The panel does NOT auto-refresh — the operator clicks Refresh to pull the latest 200 rows. This is intentional: F4 cron decisions land in bursts (daily 03:00 + 03:30 UTC) and a polling refresh would generate API noise without buying anything. The decision is reversible; if operators ask for live updates a 60-second polling refresh can land. Sub-tab counts are live within the 200-row window — switching tabs is instant (client-side filter). The count badge next to each sub-tab label reads the filtered row count.

Keyboard navigation

The sub-tab strip is WAI-ARIA compliant:
  • ArrowLeft / ArrowRight cycle through the four tabs
  • Home jumps to the first tab; End jumps to the last
  • Tab from inside the panel exits to the next form control (roving tabIndex)
  • Active tab carries aria-selected="true" for screen readers

What’s NOT in the panel (tracked follow-ups)

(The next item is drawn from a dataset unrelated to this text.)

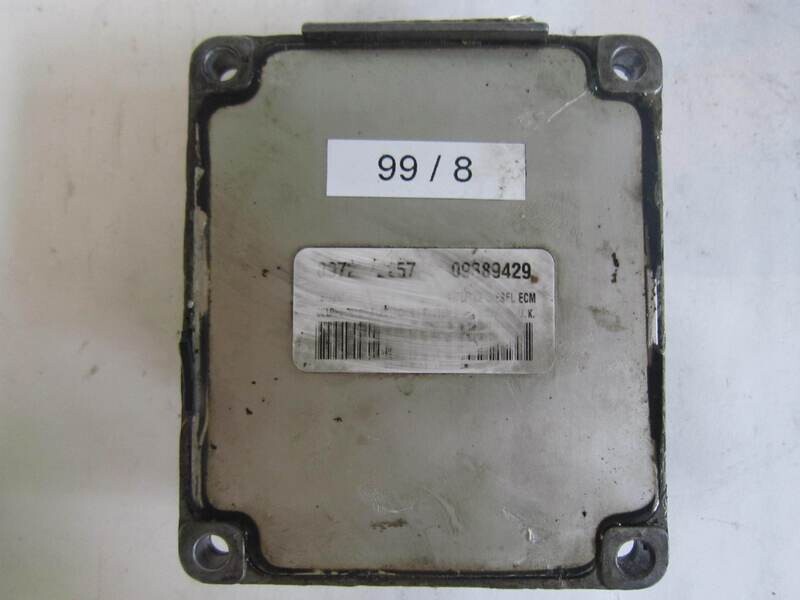 99-8 Centralina Motore Delphi 8972272257 09389429 1.7L/TX2 OPEL Benzina VARIE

  • Per-row override action — currently no “force ALLOW” / “force DENY” button. Overrides go through SQL or via re-running the evaluator with adjusted inputs. UI override = future PR.
  • Free-text search — browser Cmd+F is the only search today. Server-side filtering would need ?request_type=&q= API extension.
  • Auto-refresh polling — see above; deliberate.
  • Bulk action — no “approve all pending lesson proposals” — every approval is per-row by design (audit trail).
  • Export — no CSV download. Use GET /api/v1/admin/keeper/requests?limit=200&offset=N directly + jq for now.